Data Skeptics And The Deep Web: The Explorations Of A Data Scientist

Photo courtesy of the NYC Data Skeptics Meetup, modified by Curiousmatic. 

The pulsing underbelly of the Internet, known as the Deep Web, holds vast and unchecked amounts of dark and often dirty data. With little structure or regulation, skepticism is an important approach to delving into seas of information, beneath which villains operate in tides of secrecy.

Data Skeptics is a Curiousmatic series that covers intriguing Internet and data topics worthy of close and careful examination. The series explores various spaces within the vast and mysterious world of data,  from which we derive insight for curious minds through a lens of informed skepticism.

When did skepticism become a bad word, associated with furrowed brows, frown lines and naysayers? It is not the same as cynicism, and an even further cry from denial.

By its philosophical definition, skepticism is the theory that certain knowledge is impossible. Such is the approach of most data skeptics, whom are well aware of the nuances and vulnerabilities in the belly of the beast that is Big Data.

Image courtesy of Marius B via Flickr.

Perhaps data science consultant Cathy O’Neil describes it best in her paper (pdf), On Being A Date Skeptic, when she says skeptics maintain “a consistently inquisitive attitude toward facts, opinions, or (especially) beliefs stated as facts.” Skepticism, she says, puts the science in data science; it’s the necessary middle ground between unfounded confidence and dismissive doubt.

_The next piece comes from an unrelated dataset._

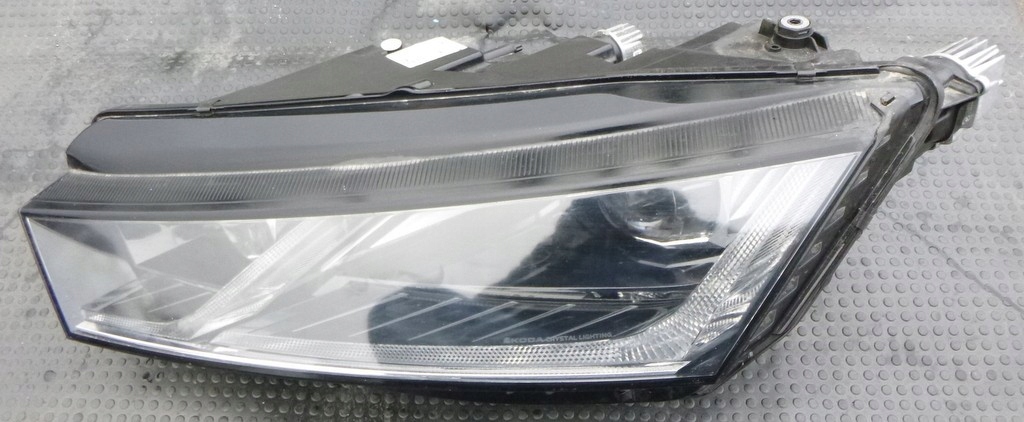 Skoda Octavia Reflektor Lewy 5E4941015A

It’s this attitude that allows growth among our relationships with behemoth concepts like Big Data, in which trust is often placed blindly. Because much like religion, data is nuanced and contextual, shaped by human psychology and endless modes of interpretation.

Importantly, it’s also deeper, more extensive, and muddled than one might presume. Today, from the angle of inquisitive skepticism, we’re taking a dive into the noisiest girth of it all: the Deep Web.

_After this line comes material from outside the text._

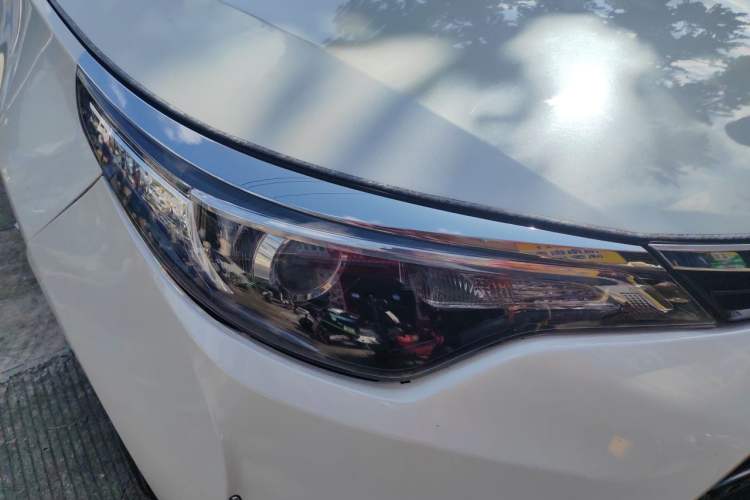 Used Toyota Levin 2017 Revised 185T CVT Elite Edition China V Standard Right Front Headlight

Dr. Jerry And The Deep Web

In New York City, Data Skeptics meet every several months to explore and engage with the gritty details obscured by the hyped up and growing omnipresence of Big Data.

Image courtesy of infocux Technologies via Flickr.

Enter Dr. Jerry Smith, an entrepreneurial data scientist. Boasting 16 years of machine learning, predictive models, and analytics, Dr. Smith is Chief Data Scientist for Capgemini’s Advance Digital Intelligence (ADI) group and Data Science & Analytics (DSA) group.

He would know a thing or two about adventuring into the beyond, having died for 90 seconds half a decade ago. God put him on earth to find answers in data, he says, though he wasn’t dead for long enough to get the full message.

Dr Jerry also flew the A6 intruder for the U.S. Navy (the plane was inspiration for the film Flight of the Intruder) and operated submarine-based nuclear reactors.

“In our hearts, we’re explorers,” Smith says of data scientists like himself. “We look at ones and zeros to find out what is being asked, and what the answers are.”

Smith is here to focus on the open source intelligence, specifically that of the Deep Web and the criminals that operate there.

Dark space, fire, and ice

For a refresher, the Deep Web consists of information that is open source, but not indexed by search engines, and therefore largely inaccessible. It also dwarfs the surface web considerable at 7500 terabytes, as opposed to just 19.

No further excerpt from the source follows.